I believe that the PERSIST-2 data show the benefit of pacritinib 200 mg BID with a reasonable toxicity profile and minimal detrimental effect on the platelet count. This could be the initial approved indication, and perhaps further studies could be completed to demonstrate safety and efficacy at doses below 200 mg BID, with a goal to expand the approval for second line after 1) inability to tolerate ruxolitinib due to thrombocytopenia or 2) loss of initial response to ruxolitinib therapy. The full clinical hold placed on all pacritinib studies in February 2016 was due to the concern by the FDA of an increased risk of bleeding and cardiovascular events with pacritinib coupled with survival curves from PERSIST-1 that appeared to indicate worse survival in the pacritinib arm. However, closer analysis at 72-week follow up (presented by Dr. Ruben Mesa at the 2016 ASCO Annual Meeting) demonstrated that the survival curves were the same up to 24 weeks, and then there was a trend toward improved survival with BAT that is likely explained by imbalance, with a greater proportion of pacritinib-treated patients with DIPSS highrisk features such as advanced age, leukocytosis, and circulating blast percentage. Additionally, when looking at the BAT patients who did not cross over to pacritinib (17 patients) there seemed to be a higher frequency of deaths (35%) compared to the cohort that crossed over to pacritinib.
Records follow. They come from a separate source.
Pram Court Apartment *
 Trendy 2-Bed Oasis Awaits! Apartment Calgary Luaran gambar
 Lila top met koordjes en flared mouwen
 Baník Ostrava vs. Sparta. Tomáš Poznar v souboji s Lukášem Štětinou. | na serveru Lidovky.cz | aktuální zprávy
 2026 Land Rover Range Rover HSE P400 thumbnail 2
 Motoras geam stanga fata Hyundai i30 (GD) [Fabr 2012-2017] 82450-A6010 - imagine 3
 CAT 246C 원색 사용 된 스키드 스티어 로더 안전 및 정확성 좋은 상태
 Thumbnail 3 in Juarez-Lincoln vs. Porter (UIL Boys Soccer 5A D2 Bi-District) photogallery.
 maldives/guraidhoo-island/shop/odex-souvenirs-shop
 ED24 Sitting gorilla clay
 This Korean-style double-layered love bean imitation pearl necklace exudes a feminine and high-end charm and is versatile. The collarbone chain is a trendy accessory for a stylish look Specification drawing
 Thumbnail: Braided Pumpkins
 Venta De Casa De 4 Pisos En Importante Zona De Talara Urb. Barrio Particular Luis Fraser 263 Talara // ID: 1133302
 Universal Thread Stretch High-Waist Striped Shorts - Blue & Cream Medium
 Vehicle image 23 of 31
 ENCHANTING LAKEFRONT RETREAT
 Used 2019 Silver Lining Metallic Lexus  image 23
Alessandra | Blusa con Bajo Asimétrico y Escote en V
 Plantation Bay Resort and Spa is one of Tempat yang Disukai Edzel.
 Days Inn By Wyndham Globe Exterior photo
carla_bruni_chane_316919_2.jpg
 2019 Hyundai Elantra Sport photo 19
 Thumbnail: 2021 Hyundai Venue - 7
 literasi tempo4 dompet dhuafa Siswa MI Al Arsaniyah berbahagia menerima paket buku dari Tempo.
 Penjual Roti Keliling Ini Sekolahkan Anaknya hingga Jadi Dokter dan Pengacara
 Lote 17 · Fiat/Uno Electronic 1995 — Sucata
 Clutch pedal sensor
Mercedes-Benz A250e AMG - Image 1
Also, attaining a spleen volume reduction of at least 20 percent correlated with improved survival with pacritinib therapy, but not with BAT. There was no significant difference in occurrence of cardiovascular events in these two arms until after 24 weeks, and reasons for death in the BAT arm were more frequently attributed to adverse events. Taken together, pacritinib offers a therapeutic option with a benefit-to-risk ratio that is favorable for patients with low platelets, and attaining a spleen response may predict those patients who are most likely to derive a survival benefit from this novel agent.
Note added in press: On January 5, 2017, CTI BioPharma announced that the FDA’s full clinical hold on trials of pacritinib had been removed.
Conflict of Interests
Dr. Mascarenhas consults and receives research funding from Incyte and Novartis; he receives research funding from CTI BioPharma, Janssen, Roche, and Promedior.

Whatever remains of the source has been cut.